» DIRECTIONS
Would you pull out every line of the material that contains the string "Chapter"?
##### MATERIAL FOR THE TASK
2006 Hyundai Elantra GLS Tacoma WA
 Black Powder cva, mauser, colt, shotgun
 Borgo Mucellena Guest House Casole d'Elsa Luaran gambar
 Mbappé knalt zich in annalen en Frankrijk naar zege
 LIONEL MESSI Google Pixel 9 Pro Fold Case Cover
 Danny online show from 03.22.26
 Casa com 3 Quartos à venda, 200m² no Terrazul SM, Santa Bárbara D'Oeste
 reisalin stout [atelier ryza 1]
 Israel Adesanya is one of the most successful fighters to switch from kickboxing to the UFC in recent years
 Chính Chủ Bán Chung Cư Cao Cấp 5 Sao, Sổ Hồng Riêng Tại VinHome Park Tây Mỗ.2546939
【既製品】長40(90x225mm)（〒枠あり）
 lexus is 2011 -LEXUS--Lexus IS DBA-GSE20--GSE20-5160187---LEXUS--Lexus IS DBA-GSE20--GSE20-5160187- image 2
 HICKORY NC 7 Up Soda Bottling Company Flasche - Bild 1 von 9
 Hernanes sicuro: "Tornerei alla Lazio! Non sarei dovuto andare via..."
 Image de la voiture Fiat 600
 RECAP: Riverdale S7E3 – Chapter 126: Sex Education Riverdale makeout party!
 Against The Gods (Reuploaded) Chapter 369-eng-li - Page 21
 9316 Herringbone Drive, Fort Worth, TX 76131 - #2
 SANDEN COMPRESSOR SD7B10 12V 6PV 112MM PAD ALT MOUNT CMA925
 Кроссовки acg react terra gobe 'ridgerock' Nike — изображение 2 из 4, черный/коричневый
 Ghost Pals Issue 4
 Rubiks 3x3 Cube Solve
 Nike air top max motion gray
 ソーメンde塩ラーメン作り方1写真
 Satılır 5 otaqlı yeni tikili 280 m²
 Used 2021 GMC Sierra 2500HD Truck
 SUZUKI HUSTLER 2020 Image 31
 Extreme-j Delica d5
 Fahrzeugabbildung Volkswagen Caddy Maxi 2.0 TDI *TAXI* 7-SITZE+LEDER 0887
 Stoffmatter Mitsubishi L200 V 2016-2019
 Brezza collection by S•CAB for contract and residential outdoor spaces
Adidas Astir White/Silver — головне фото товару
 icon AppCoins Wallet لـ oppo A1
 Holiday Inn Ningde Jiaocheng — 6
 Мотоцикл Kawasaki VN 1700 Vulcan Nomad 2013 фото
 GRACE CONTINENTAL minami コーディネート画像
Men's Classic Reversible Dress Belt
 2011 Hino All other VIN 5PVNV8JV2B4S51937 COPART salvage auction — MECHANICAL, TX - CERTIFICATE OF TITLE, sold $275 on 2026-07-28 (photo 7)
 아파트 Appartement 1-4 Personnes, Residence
##########
» RESPONSE BOX
 RECAP: Riverdale S7E3 – Chapter 126: Sex Education Riverdale makeout party!
 Against The Gods (Reuploaded) Chapter 369-eng-li - Page 21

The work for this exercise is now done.